7) The Resolve Owners step only allows you to reassign the project contents to a different user if the admin user doesn't exist on your FME Flow. Click Continue and then click Import Project from the Additional Options step. The project will import and display its import status from the same page.
If the project import failed, check that you uploaded the encryption key and repeat the process. If it still fails, contact us at train@safe.com. 

Split-Merge Block

In FME Flow Automations, you may split your workflows to process multiple actions simultaneously and use FME Flow's parallel processing capabilities with numerous engines. Splitting your workflow lowers the processing time by running multiple workspaces at once. It also increases fault tolerance, as workspaces that run in parallel will still process even if one workspace fails. 

When you split your workflows, each stream creates an output. To combine the outputs into a single message in Automations, you use a Split-Merge Block. The Split-Merge Block lets you split the Automation workflow into multiple streams and then wait for all components within the block to complete before continuing the workflow along a single stream. 

 In this workflow, the trigger passes one message to the Split-Merge Block. The workflow is split and sends two messages, one to each workspace. Once the workspaces are complete, each workspace sends a message to the block's success port. The Split-Merge Block combines the two messages into one message and passes it along to the Validation workspace action. Two messages would pass to the Validation workspace without the Split-Merge Block, triggering it to run twice. 

Note

The Merge Messages action in FME Flow Automations functions similarily to the Split-Merge Block by merging messages and waiting to process all downstream actions until it receives messages from all previous actions. Compared to the Split-Merge Block, the Merge Messages action limits you from merging messages from multiple triggers and from Automation Writer outputs. Due to these, the Merge Messages action is legacy functionality in Automations and is only present to support backwards compatibility for your workflows. For more information, see our Merge Messages documentation

Automations Writer and Split-Merge Block

You may also use the Split-Merge Block to combine outputs from Automations Writers in workspace actions. Oftentimes, a single workspace run with an Automations Writer outputs multiple messages through the Automations Writer port, which triggers downstream actions to run multiple times for one initial input message from a trigger. You often only need to send one outgoing message with an external action or process a downstream summary workspace once. In this case, the Split-Merge Block will combine output messages from Automations Writers within it and merge them into one message to output. 

Single Split-Merge block

In this example, the Process State workspace action outputs 60 messages through the County Automations Writer port, which enter the Split-Merge Block and trigger the Process County workspace to run 60 times. Each county contains 15 blocks, so the Block Automations Writer outputs 900 messages and triggers the Process Block workspace to run 900 times. The Split-Merge Block waits for all 900 messages from the Process Block workspace, merges them by county, and outputs only 60 messages to the Downstream Work action that processes one job per county. 

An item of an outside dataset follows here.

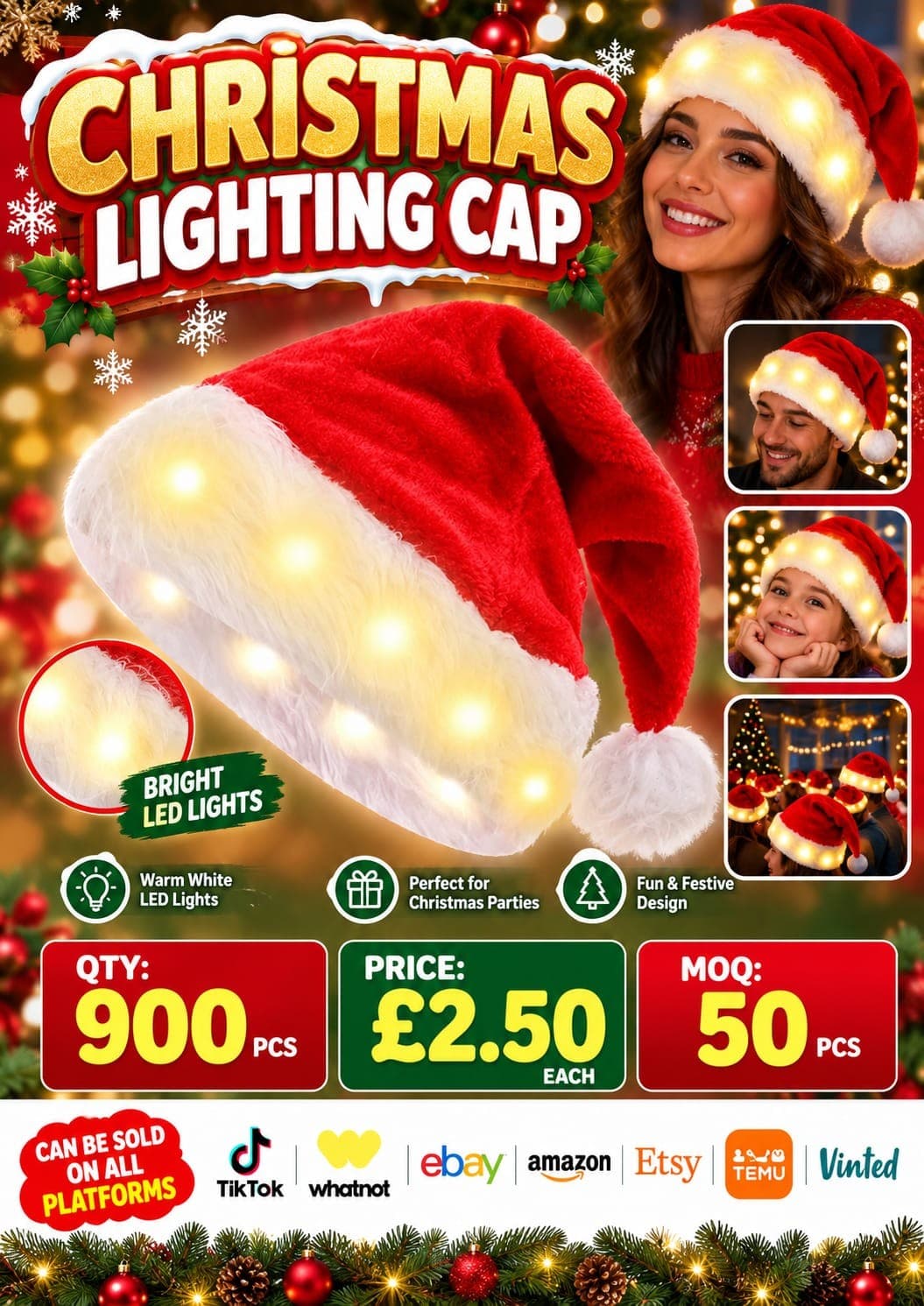 900 pieces Christmas LED Lighting Cap (Santa hat with warm white LEDs)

Considerations with the Split-Merge Block

While the Split-Merge Block is handy for your parallel processing or Automations Writer workflows, there are some limitations you should be aware of when you use it: 

Exercise

Frank is designing an Automation to perform asynchronous data updates daily. He has multiple workspaces for data updates and post-processing, performs data validation, and makes a final product once the updates are complete. 

Follow along with Frank's steps as he creates an Automation that uses FME Flow's parallel processing and the Split-Merge Block. 

1) Create Automation

Frank navigates to FME Flow and creates a new Automation. 

2) Configure a Schedule Trigger

Frank clicks the trigger icon to open its details. He configures an FME Flow Schedule trigger to run on a daily interval. Frank selects Repeat on Interval for Schedule Type and sets the interval to 1 day. He ensures Does Not Expire is selected and clicks Apply to close the trigger details.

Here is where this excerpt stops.